> _Supplied material_:
· · · · · · ·

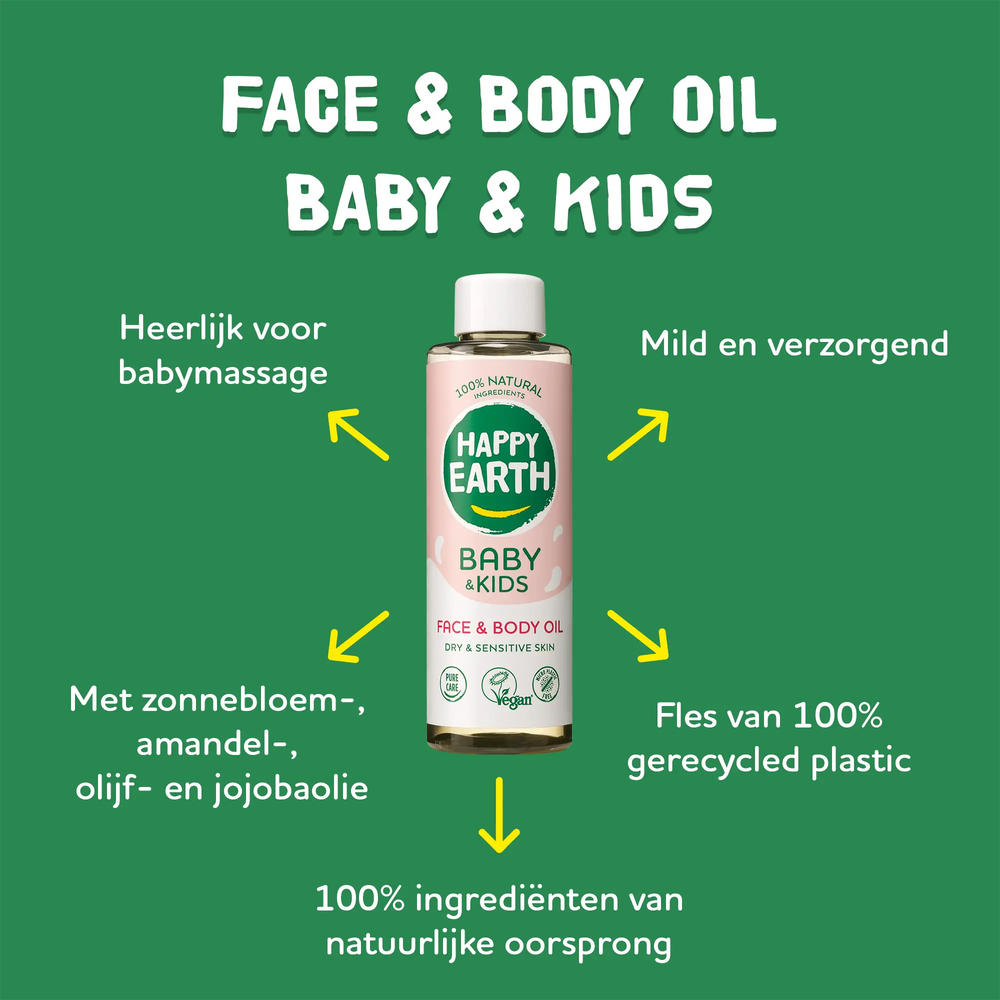 
                  
                    Gezicht & Lichaam Olie Baby & Kids Happy Earth
                  
                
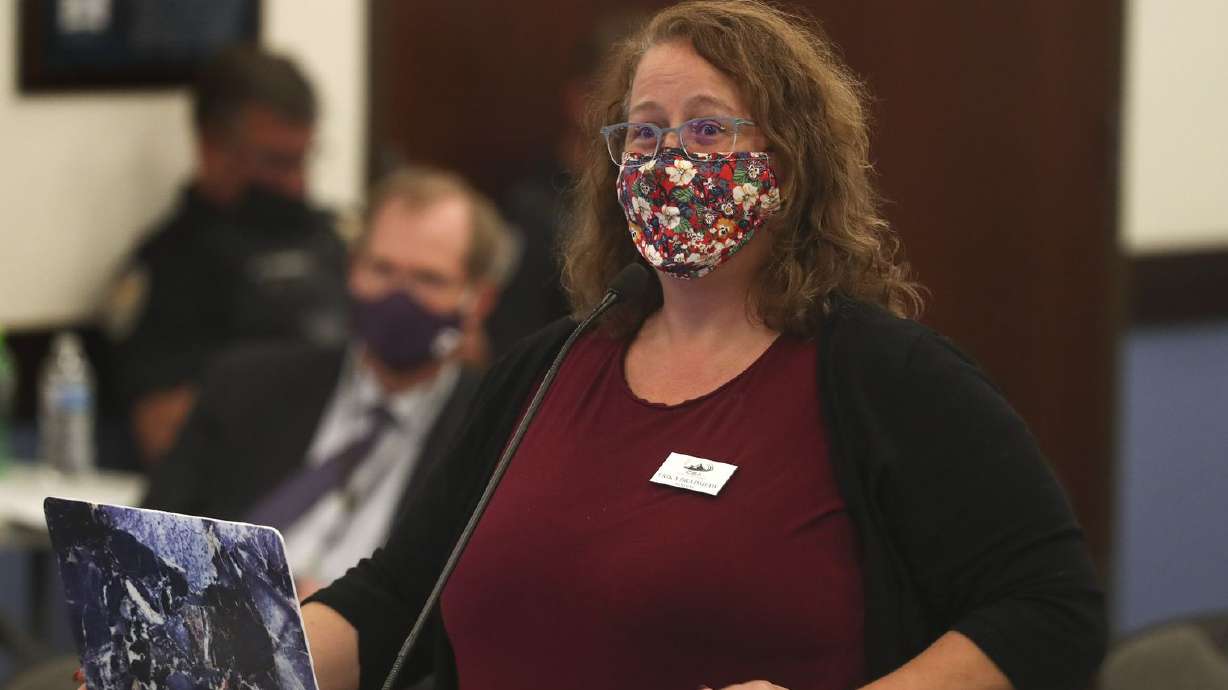 Erika Bradshaw, Canyons Education Association president, talks to members of the Canyons School District Board of Education during the public comment portion of their meeting at the Canyons School District offices in Sandy on Tuesday, Sept. 15, 2020.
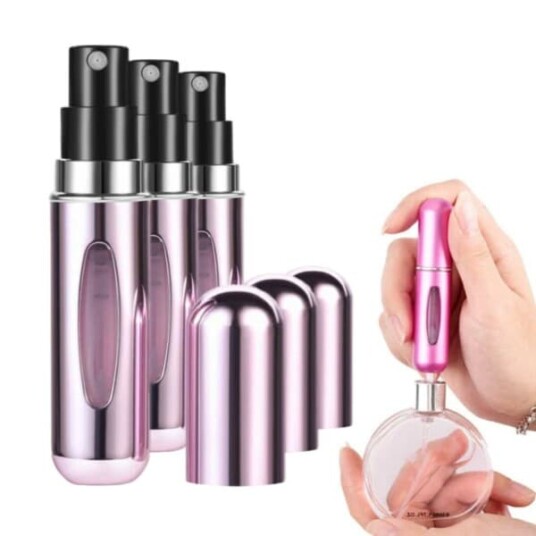 3 -pakke mini påfyllings parfymeflaske påmeldte reisebeholdere 5 ml rosa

· · · · · · ·

Quote each line of the listing exactly, but leave the pictures out.

> _Answer to the problem_:
                    Gezicht & Lichaam Olie Baby & Kids Happy Earth
                  
                
 Erika Bradshaw, Canyons Education Association president, talks to members of the Canyons School District Board of Education during the public comment portion of their meeting at the Canyons School District offices in Sandy on Tuesday, Sept. 15, 2020.
 3 -pakke mini påfyllings parfymeflaske påmeldte reisebeholdere 5 ml rosa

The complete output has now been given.